(Information provided Opens)

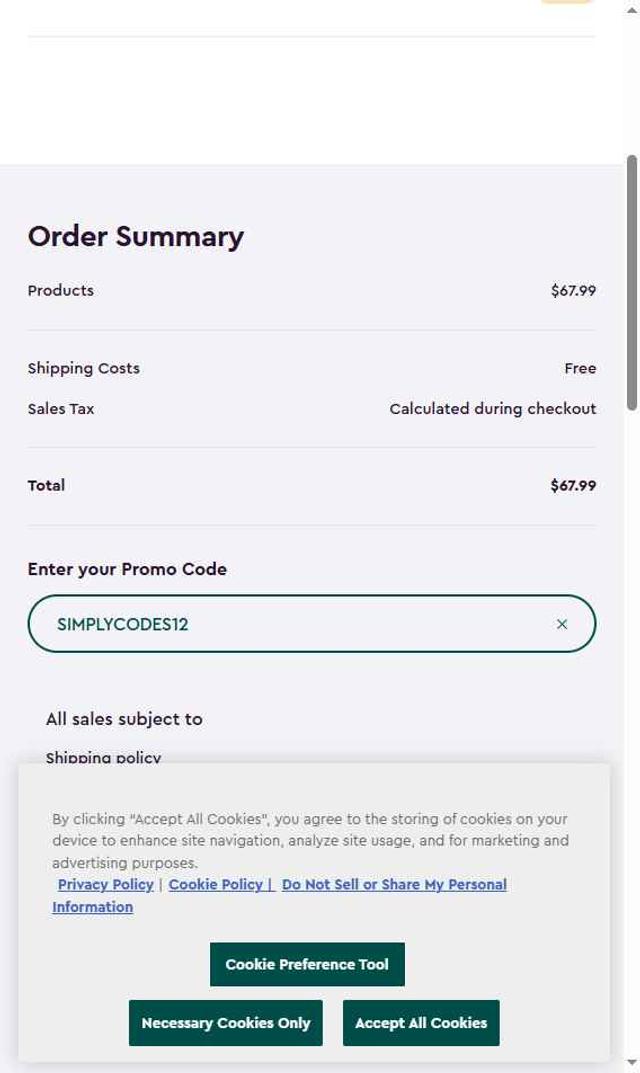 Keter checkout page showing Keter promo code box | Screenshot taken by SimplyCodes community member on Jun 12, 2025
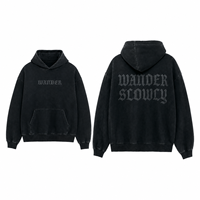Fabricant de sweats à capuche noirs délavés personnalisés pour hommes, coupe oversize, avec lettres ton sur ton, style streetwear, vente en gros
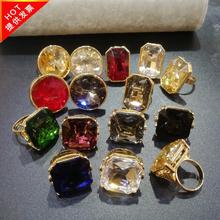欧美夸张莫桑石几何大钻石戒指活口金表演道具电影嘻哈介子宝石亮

(Information provided Closes)

◆ **Work order**
The expected answer is the full listing above, transcribed exactly and without pictures.

◆ **Task solution**
 Keter checkout page showing Keter promo code box | Screenshot taken by SimplyCodes community member on Jun 12, 2025
Fabricant de sweats à capuche noirs délavés personnalisés pour hommes, coupe oversize, avec lettres ton sur ton, style streetwear, vente en gros
欧美夸张莫桑石几何大钻石戒指活口金表演道具电影嘻哈介子宝石亮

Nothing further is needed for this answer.